↓

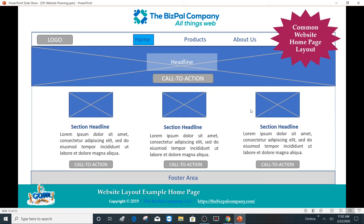You'll notice that these three blocks right here are consistently sized and they would have an image and a headline for each, and some enticing text to have your website visitor be motivated to click on the call to action button. Then you have a footer area, which is common across all the pages. Your top navigation and your footer area should be the same across all your pages and allow your website visitor to navigate easily and find everything on your website.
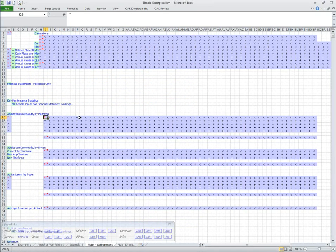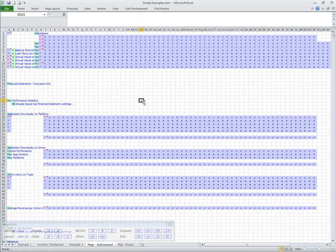There are lots of calculations on this page, but just because there are lots doesn't make it complex — there's only one unique formula, and this is a five-year model. If you needed to make it a 25-year model, you'd just copy it across to all 25 years; it's not got any more complicated. That's really minimizing risk when building a calculations page.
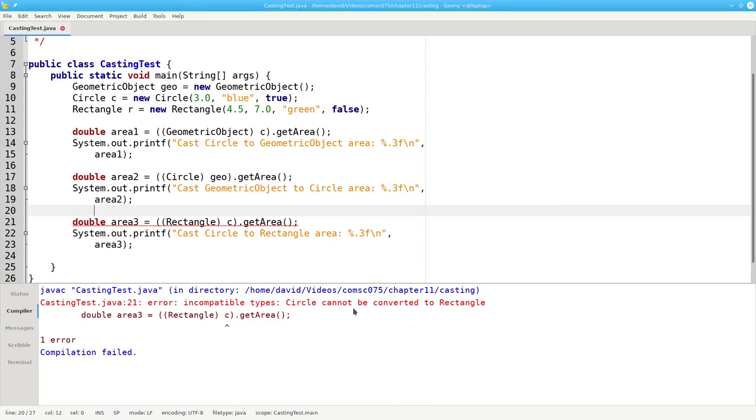The moral of the story? Always use instanceof to make sure that you are casting to an object's correct class at runtime.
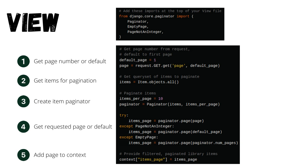We'll get the requested page or use the default. And finally we'll add the page of items to the template context.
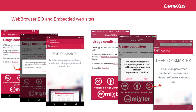Note that in GeneXus 15, when a web page is invoked from a native mobile object, the browser is opened by default — only if it's Chrome for Android or Safari for iOS — though maintaining the application bar of the native app, so that the user will not feel as having exited the application.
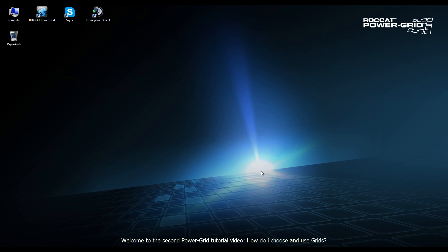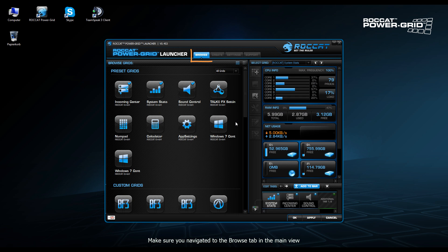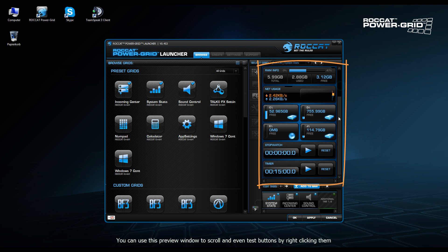Hello and welcome Rocketeers to the second Power Grid tutorial video. In this tutorial video we're going to show you how to choose and add grids. So when you open up the host software this is what you'll see. The browse tab is always open by default and this is where you can browse through grids. On the right hand side we see a preview screen for what we'll see on our mobile device. This is how the grid will appear on our smartphone.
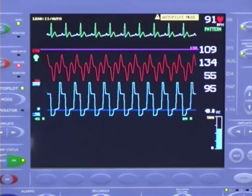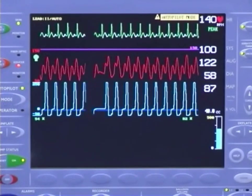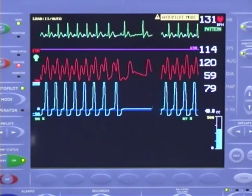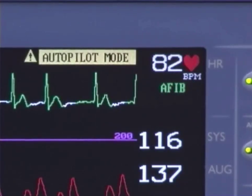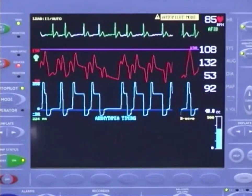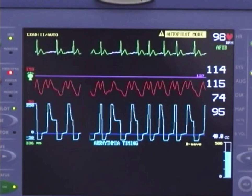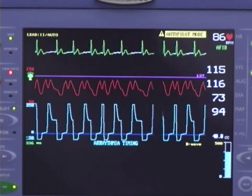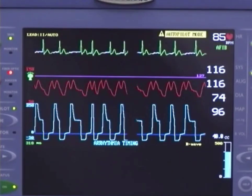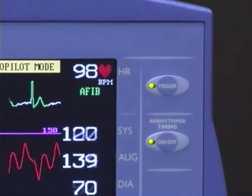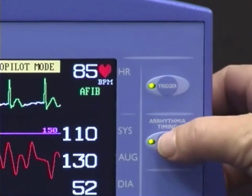AutoPilot will automatically select the trigger mode based on the signals available and the patient's condition. If the patient is experiencing an irregular rhythm such as atrial fibrillation and an ECG is available to the pump, AFib trigger will automatically be selected. This trigger utilizes R-wave deflation. The WAVE inflation, combined with R-wave deflation, makes the AutoCAT-2 Wave the first pump to have real-time, beat-to-beat timing on inflation and deflation. In the event that R-wave deflation is not desired, you can override this function by selecting Arrhythmia Timing Off.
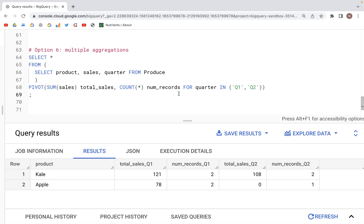That was it for this video. I hope you learned how to perform a PIVOT for a table in SQL. In BigQuery and other variations of SQL the concept would be similar, though the syntax may vary a little. If you have any comments or suggestions please let me know in the comment section below. Thank you.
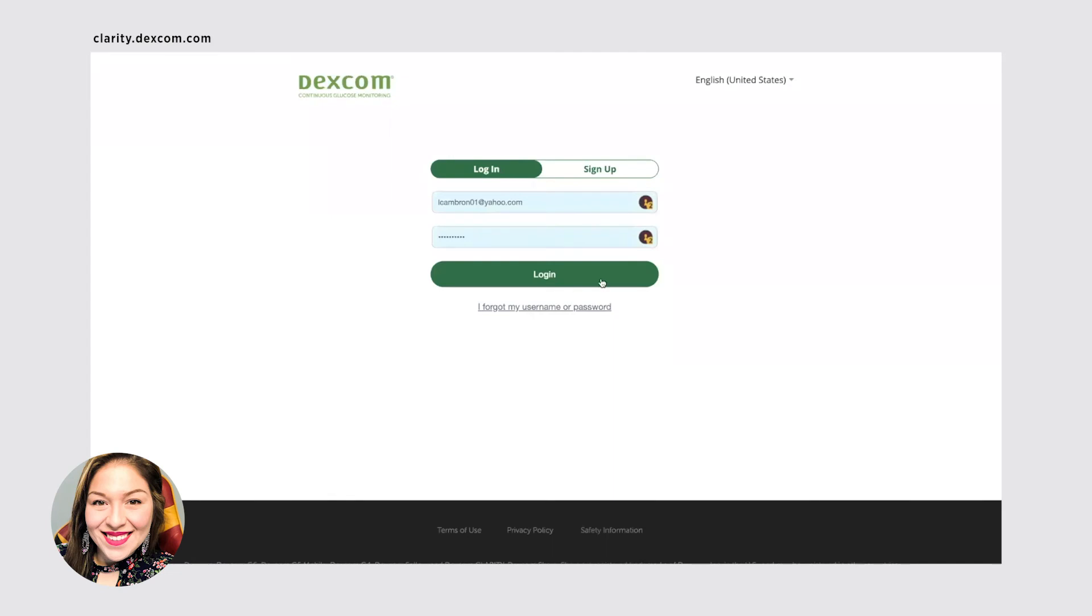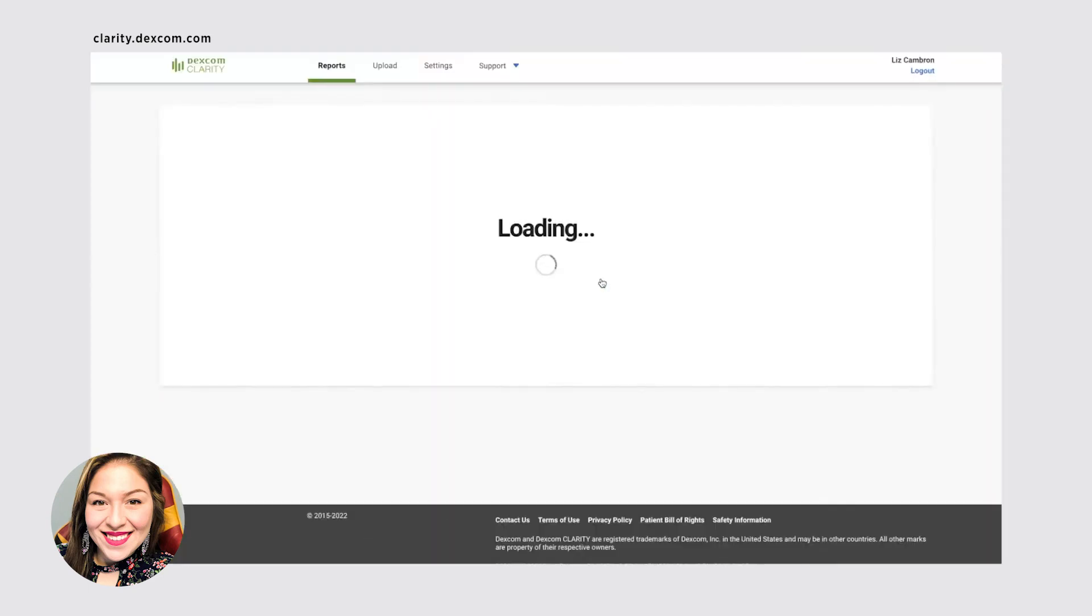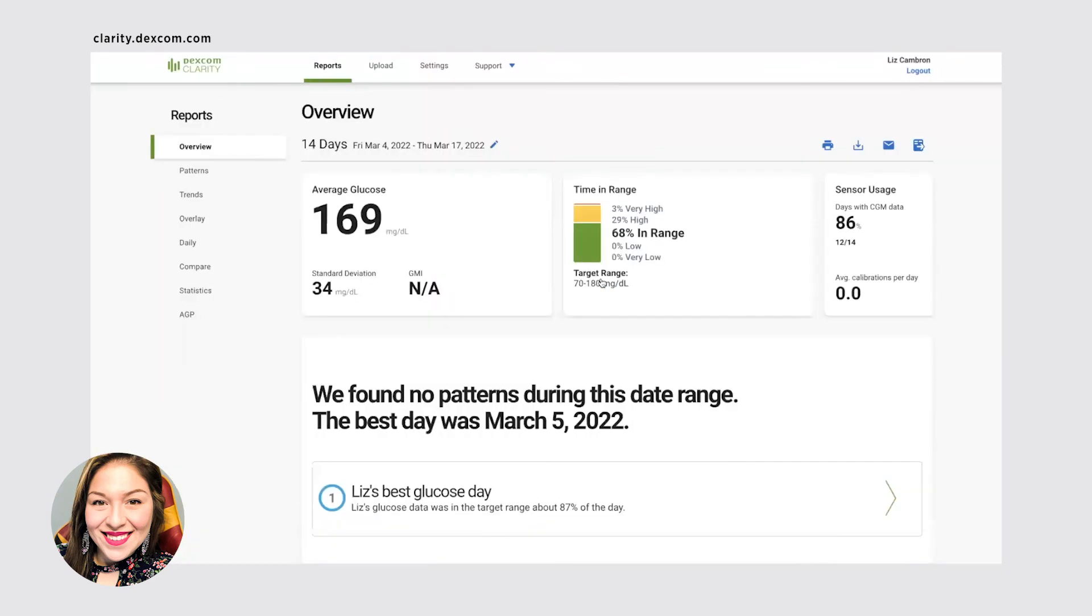Log in with your account. And if you don't have an account, it's very easy to create one. And it'll look very similar to the clarity mobile app.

↑

- **What you should do**
Respond with the exact lines above running from the one containing "Hello and welcome" to the one containing "AutoPilot will automatically", both ends kept and no pictures included.

- **Written response**
Hello and welcome Rocketeers to the second Power Grid tutorial video. In this tutorial video we're going to show you how to choose and add grids. So when you open up the host software this is what you'll see. The browse tab is always open by default and this is where you can browse through grids. On the right hand side we see a preview screen for what we'll see on our mobile device. This is how the grid will appear on our smartphone.
AutoPilot will automatically select the trigger mode based on the signals available and the patient's condition. If the patient is experiencing an irregular rhythm such as atrial fibrillation and an ECG is available to the pump, AFib trigger will automatically be selected. This trigger utilizes R-wave deflation. The WAVE inflation, combined with R-wave deflation, makes the AutoCAT-2 Wave the first pump to have real-time, beat-to-beat timing on inflation and deflation. In the event that R-wave deflation is not desired, you can override this function by selecting Arrhythmia Timing Off.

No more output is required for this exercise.